Kampanye Partai Karya Peduli Bangsa (PKPB) di Sleman Yogyakarta yang menampilkan Ketua Umumnya, Jenderal (Purn) R. Hartono, menuai kecaman.
Hartono yang dalam kampanyenya mengajak masyarakat untuk menjadi anteknya Soeharto, dinilai telah melukai hati masyarakat dan sangat tidak etis.
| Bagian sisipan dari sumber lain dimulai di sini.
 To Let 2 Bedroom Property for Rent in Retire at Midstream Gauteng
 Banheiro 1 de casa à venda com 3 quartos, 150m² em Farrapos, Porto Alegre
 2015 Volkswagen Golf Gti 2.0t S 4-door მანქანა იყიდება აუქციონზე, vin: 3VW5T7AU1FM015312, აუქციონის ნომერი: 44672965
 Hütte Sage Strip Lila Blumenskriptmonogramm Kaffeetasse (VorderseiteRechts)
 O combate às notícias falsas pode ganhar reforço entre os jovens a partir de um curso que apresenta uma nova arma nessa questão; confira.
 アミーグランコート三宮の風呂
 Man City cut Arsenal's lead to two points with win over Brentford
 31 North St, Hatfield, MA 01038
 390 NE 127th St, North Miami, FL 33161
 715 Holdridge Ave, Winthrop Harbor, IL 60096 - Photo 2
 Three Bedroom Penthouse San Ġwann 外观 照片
KPU dan Panwaslu DI Yogyakarta sedang mencari pasal untuk memberi teguran atau sanksi kepada Hartono.
Anggota Panwaslu DI Yogyakarta, Muhammad Wafiek, kepada Tempo News Room hari ini (15/3) mengatakan pernyataan Hartono saat kampanye di Yogyakarta memang menimbulkan keluhan dari berbagai pihak. Masyarakat, katanya, menyayangkan pernyataan Hartono yang secara terang-terangan mengajak masyarakat menjadi antek-anteknya Soeharto.
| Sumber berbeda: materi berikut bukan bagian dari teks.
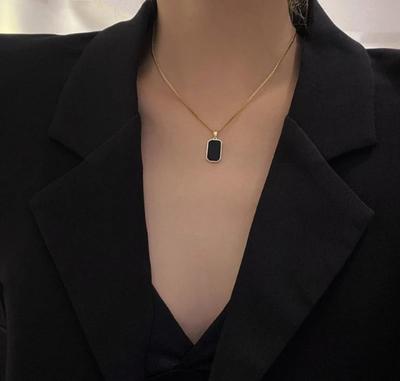 Stylish Black Stone Pendant - Gold Plated, 1 Pc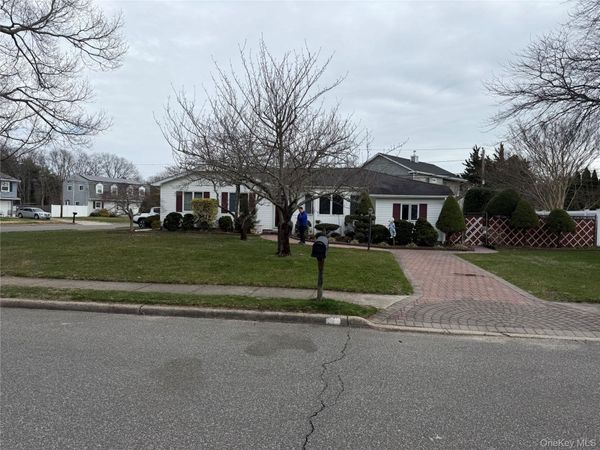 3 Jenny Lane, Holtsville, NY 11742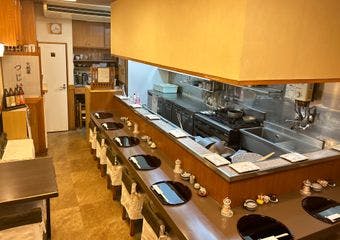 実家のような温かみを感じる空間で、最高級の天ぷらを心ゆくまで味わう。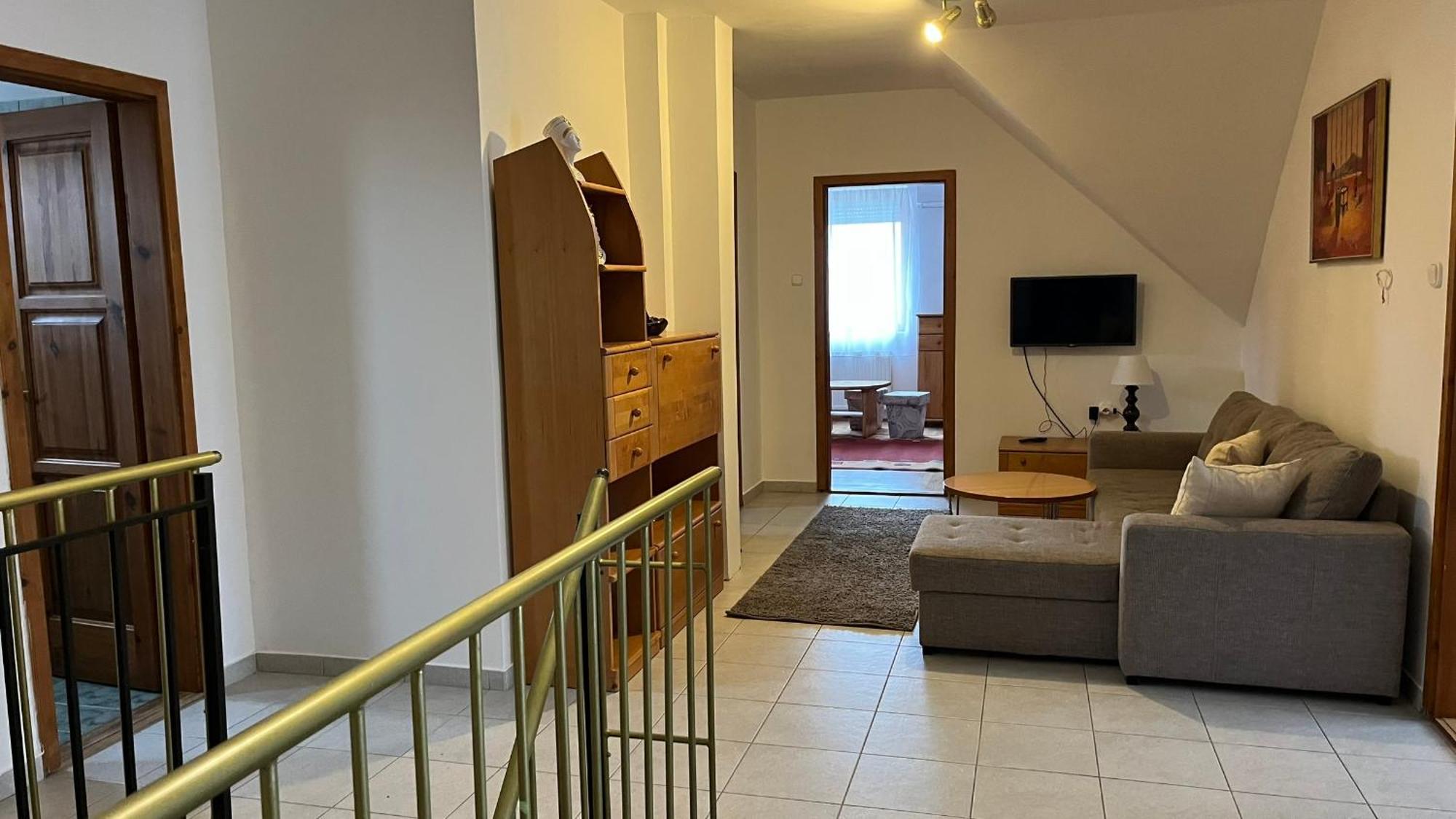 Boezsi Apartman Sarvar Luaran gambar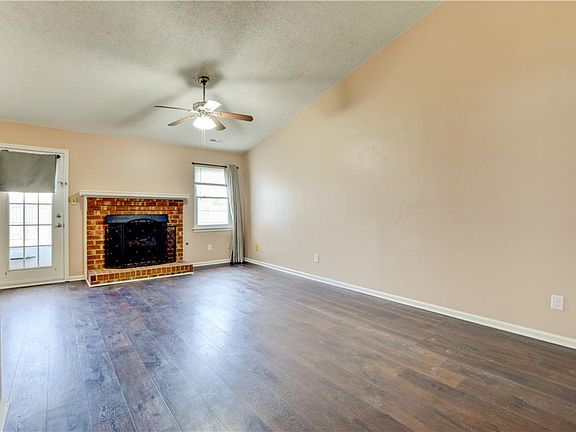 2nd image of 900 Raton Ct
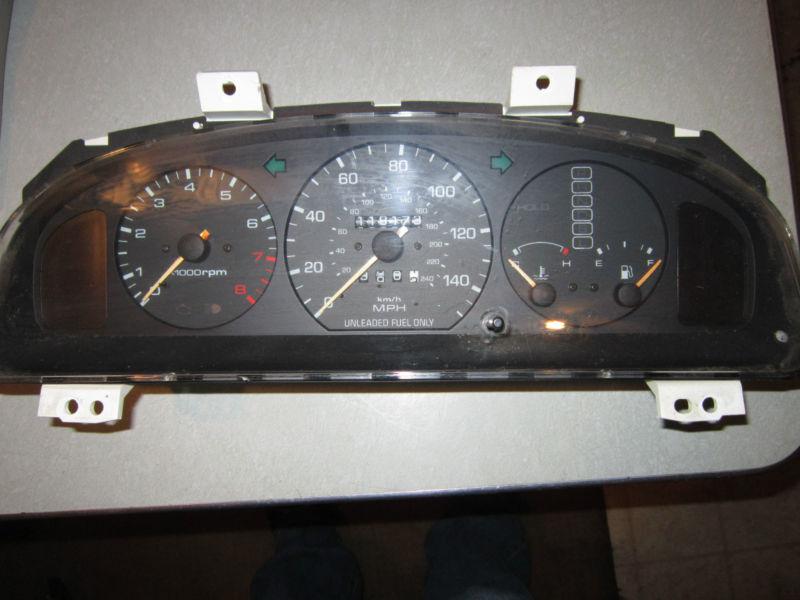 93 94 mazda 626 mx6 4 cyl mt instrument cluster panel gauges speedometer 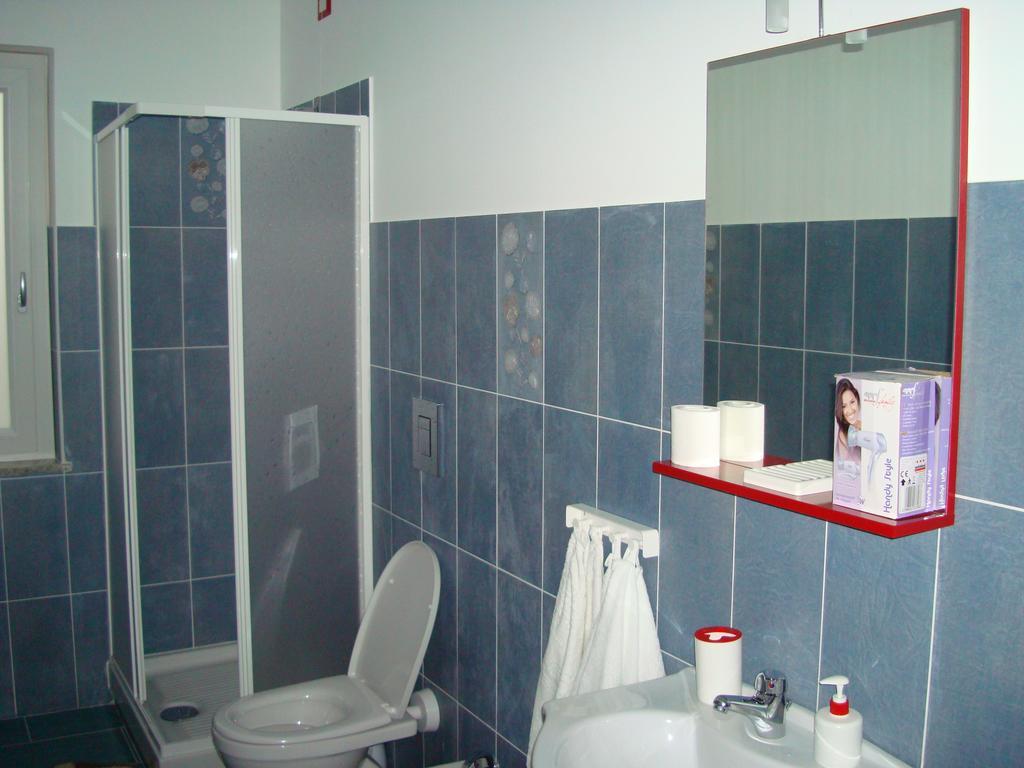 Guest House Mare E Luna Fiumefreddo Bruzio Phòng bức ảnh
"Panwaslu sangat hati-hati untuk menyikapi masalah ini karena Soeharto bukanlah seseorang atau organisasi yang dilarang di negeri ini. Hanya memang, pernyataan Hartono yang mengajak masyarakat menjadi antek konotasinya jelas negatif. Kata antek dikenal masyarakat sebagai sebuah konotasi jelek. Kita sedang mencari pasal-pasal mana yang bisa untuk menjerat Hartono," kata Wafiek.
Menurut Wafiek, sampai saat ini Panwaslu masih menunggu laporan resmi dari masyarakat atau dari partai politik lain terkait kampanye yang dilakukan Hartono. Jika ada laporan resmi, kata dia, Panwaslu akan segera menindaklanjuti, yang mungkin bisa dikaitkan dengan pelanggaran keputusan KPU Nomor 7 Tahun 2004.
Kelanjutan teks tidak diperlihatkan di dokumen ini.